As Lynda Gratton and Andrew Scott highlight in The 100-Year Life, “if you save 10% of your income and expect to retire with 50% of your working income, you will need to work into your 80s.”

So if you need to work longer, and you also need to save more in order to have a comfortable retirement, you would do well to take pension provisions in your own hands. (read more about pension provisions and why women need to stop sabotaging their future).

First, calculate your state pension and see what personal savings gap you need to fill.

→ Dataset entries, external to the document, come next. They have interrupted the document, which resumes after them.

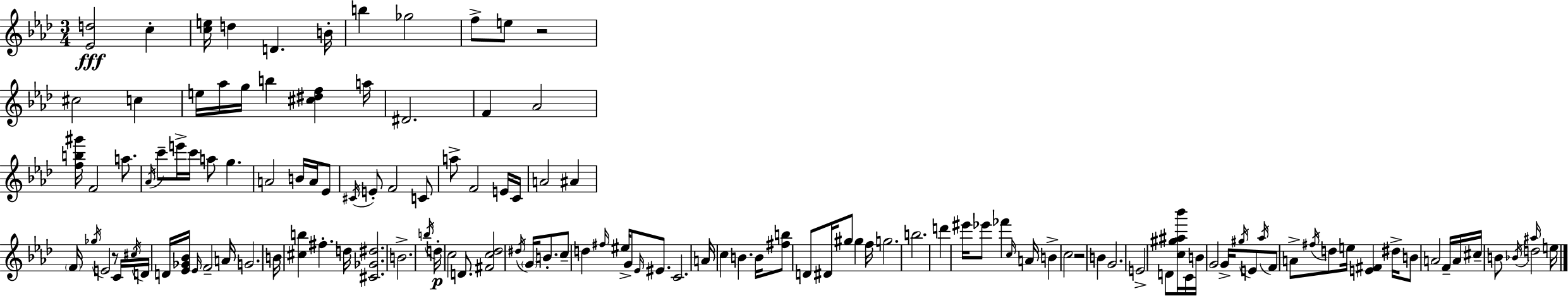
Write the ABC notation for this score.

X:1
T:Untitled
M:3/4
L:1/4
K:Ab
[_Ed]2 c [ce]/4 d D B/4 b _g2 f/2 e/2 z2 ^c2 c e/4 _a/4 g/4 b [^c^df] a/4 ^D2 F _A2 [fb^g']/4 F2 a/2 _A/4 c'/2 e'/4 c'/4 a/2 g A2 B/4 A/4 _E/2 ^C/4 E/2 F2 C/2 a/2 F2 E/4 C/4 A2 ^A F/4 _g/4 E2 z/2 C/4 ^c/4 D/4 D/4 [_E_G_B]/4 _E/4 F2 A/4 G2 B/4 [^cb] ^f d/4 [^C_G^d]2 B2 b/4 d/4 c2 D/2 [^Fc_d]2 ^d/4 G/4 B/2 c/2 d ^f/4 ^e/4 G/2 _E/4 ^E/2 C2 A/4 c B B/4 [^fb]/2 D/2 ^D/4 ^g/2 ^g f/4 g2 b2 d' ^e'/4 _e'/2 _f' c/4 A/4 B c2 z2 B G2 E2 D/2 [c^g^a_b']/4 C/4 B/4 G2 G/4 ^g/4 E/2 _a/4 F/2 A/2 ^f/4 d/2 e/4 [E^F] ^d/4 B/2 A2 F/4 A/4 ^c/4 B/2 _B/4 d2 ^a/4 e/4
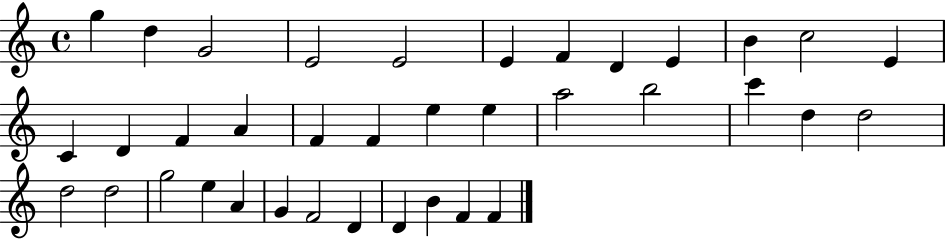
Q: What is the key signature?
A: C major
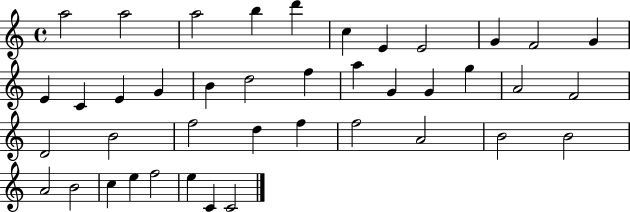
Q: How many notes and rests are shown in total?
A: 41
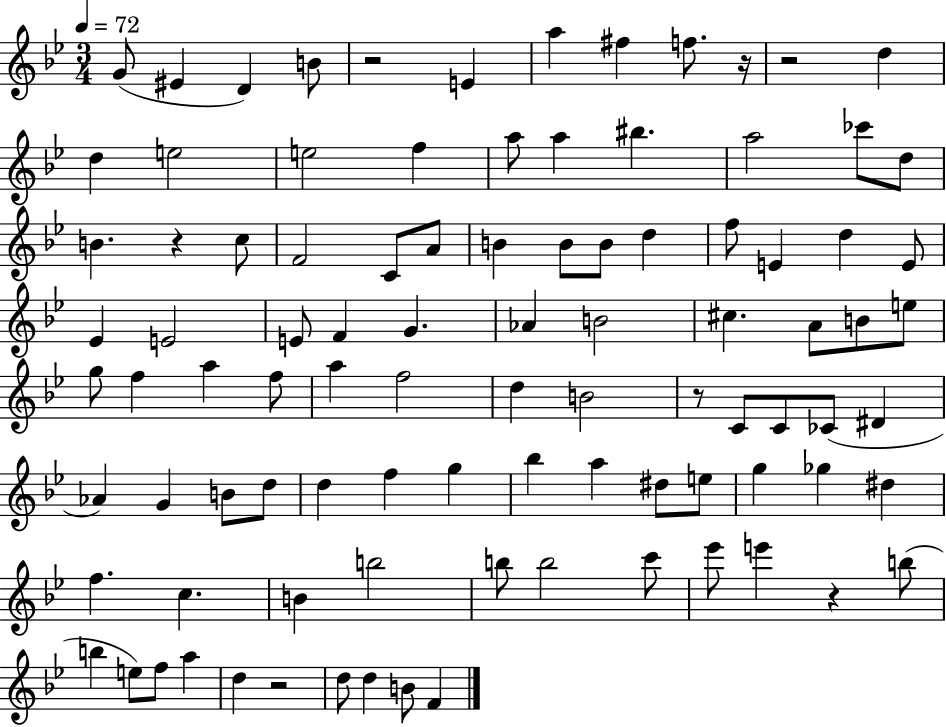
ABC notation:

X:1
T:Untitled
M:3/4
L:1/4
K:Bb
G/2 ^E D B/2 z2 E a ^f f/2 z/4 z2 d d e2 e2 f a/2 a ^b a2 _c'/2 d/2 B z c/2 F2 C/2 A/2 B B/2 B/2 d f/2 E d E/2 _E E2 E/2 F G _A B2 ^c A/2 B/2 e/2 g/2 f a f/2 a f2 d B2 z/2 C/2 C/2 _C/2 ^D _A G B/2 d/2 d f g _b a ^d/2 e/2 g _g ^d f c B b2 b/2 b2 c'/2 _e'/2 e' z b/2 b e/2 f/2 a d z2 d/2 d B/2 F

You can do this via the Pensions Authority calculator in Ireland and this pensions calculator in the UK.You will need to set better financial goals, and also be aware of what returns you can expect on pension savings in a context of low interest rates.

What else can you do?

I am personally doing three key things and I would suggest you consider them also:

1. Really think about what you enjoy doing and how this can translate into workplace skills and advantage.

Ask yourself: “if I retired tomorrow, how would I choose to spend my time?” Craft a job description accordingly and brainstorm ways this might be possible. I’ve been doing this since the very beginning of my career and it has served me very well thus far. This makes good sense anyway, but if you’re going to be working for a decade longer than you might have previously thought, then it becomes even more important.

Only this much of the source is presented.